** Data provided follows **
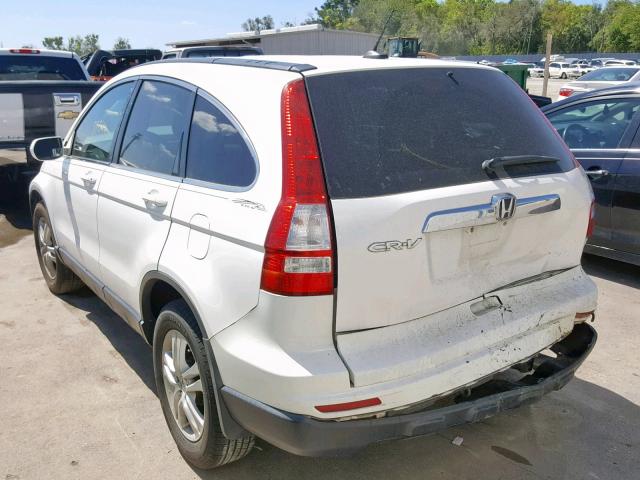 5J6RE3H78AL019532 - 2010 HONDA CR-V EXL WHITE photo 3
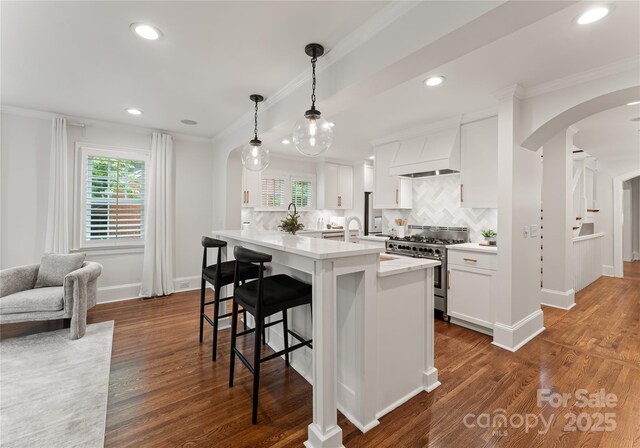 2809 Glendale Rd, Charlotte, NC 28209 - kitchen with high end stove, arched walkways, ornamental molding, a kitchen bar, and decorative backsplash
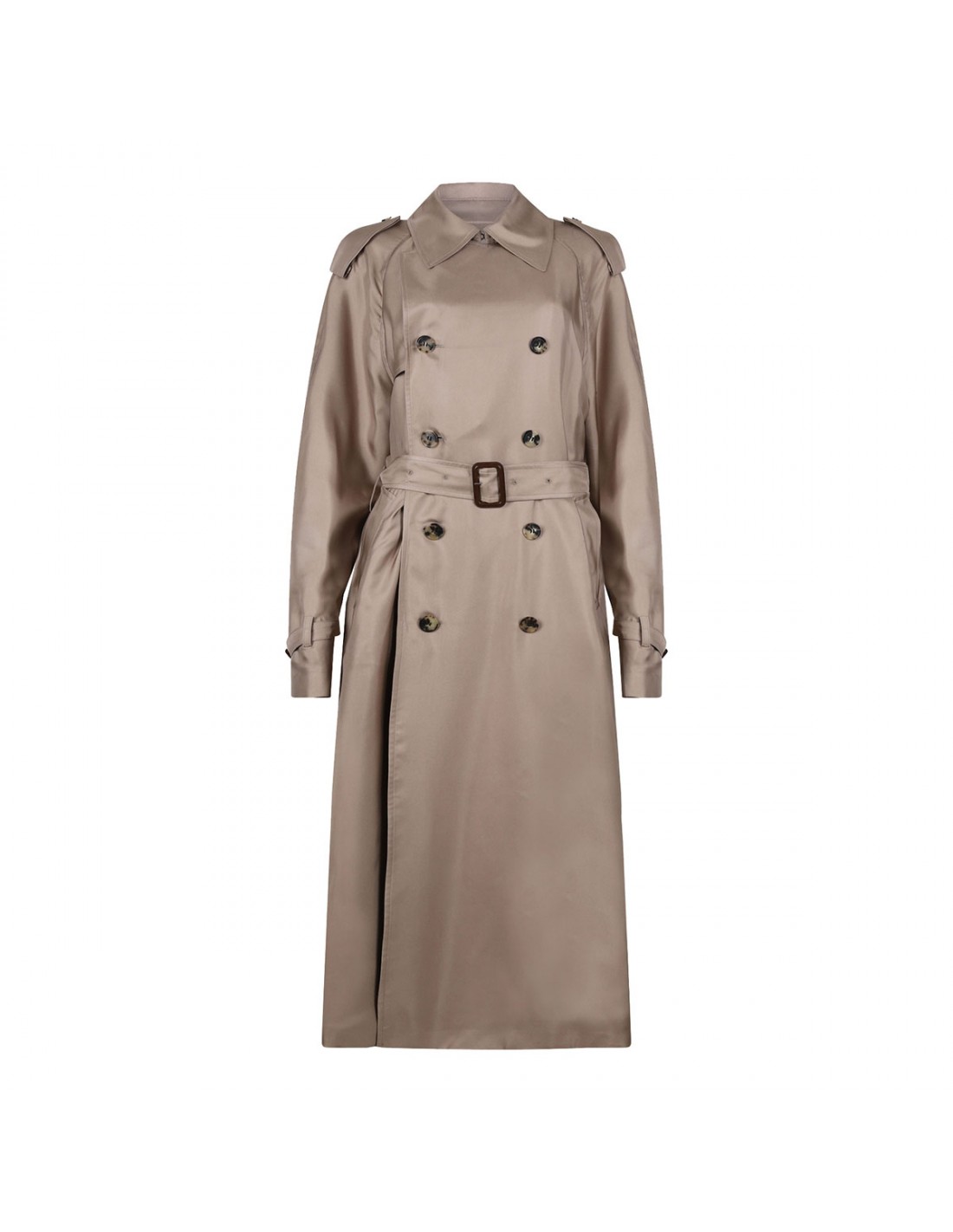 Beige silk trench coat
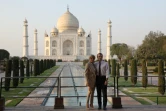 Le président français EMmanuel Macron et son épouse Brigitte Macron au Taj Mahal, en Inde, le 11 mars 2018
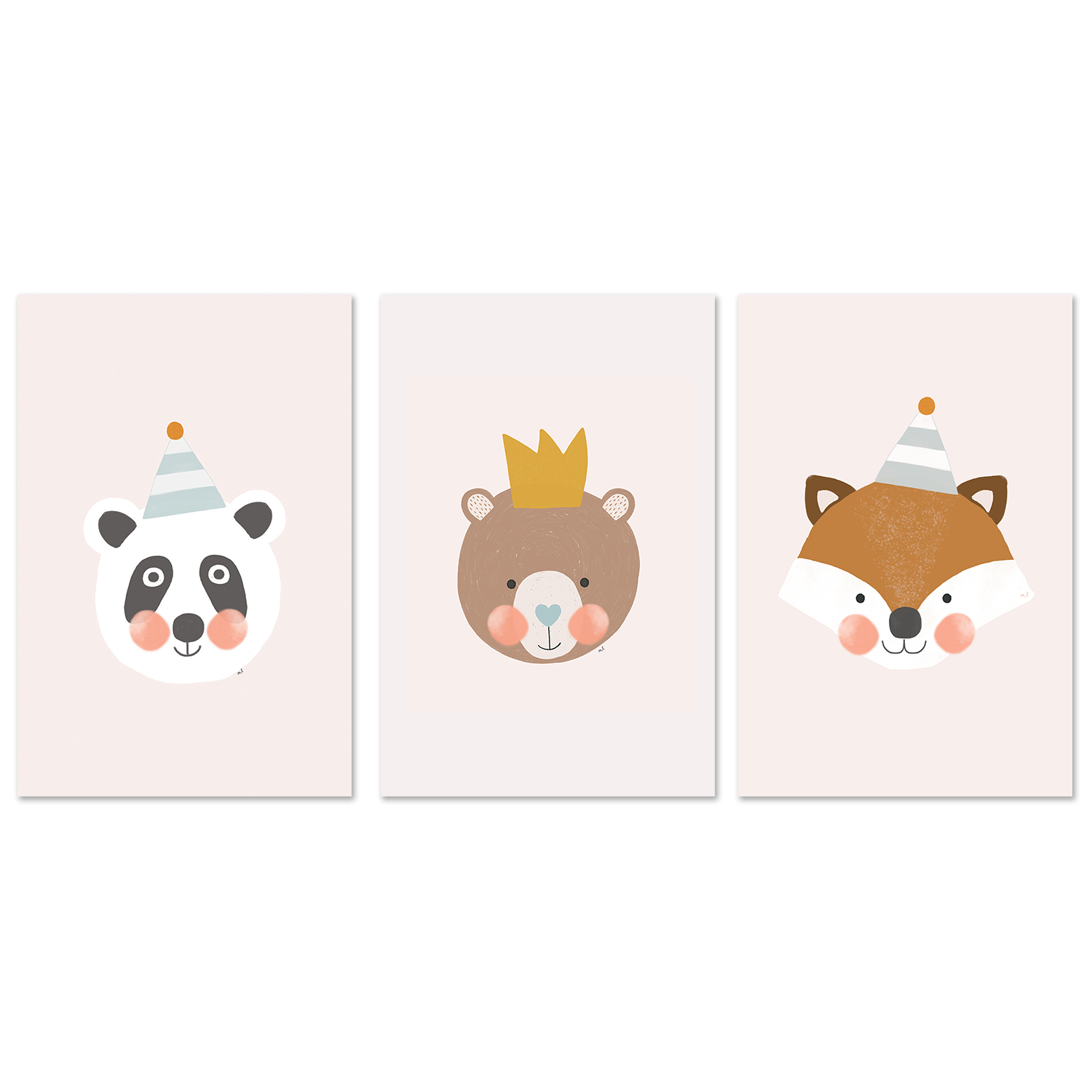 wall-art-print-canvas-poster-framed-Blushing Panda, Crown Bear and Fox with Party Hat, Set Of 3 , By Menina Lisboa-1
** End of Data provided **
**What you will do**
Each line from the one containing "2809 Glendale Rd, Charlotte, NC" through the end of the records above is to be retyped exactly, with the pictures omitted and nothing added.

**Your solution**
 2809 Glendale Rd, Charlotte, NC 28209 - kitchen with high end stove, arched walkways, ornamental molding, a kitchen bar, and decorative backsplash
 Beige silk trench coat
 Le président français EMmanuel Macron et son épouse Brigitte Macron au Taj Mahal, en Inde, le 11 mars 2018
 wall-art-print-canvas-poster-framed-Blushing Panda, Crown Bear and Fox with Party Hat, Set Of 3 , By Menina Lisboa-1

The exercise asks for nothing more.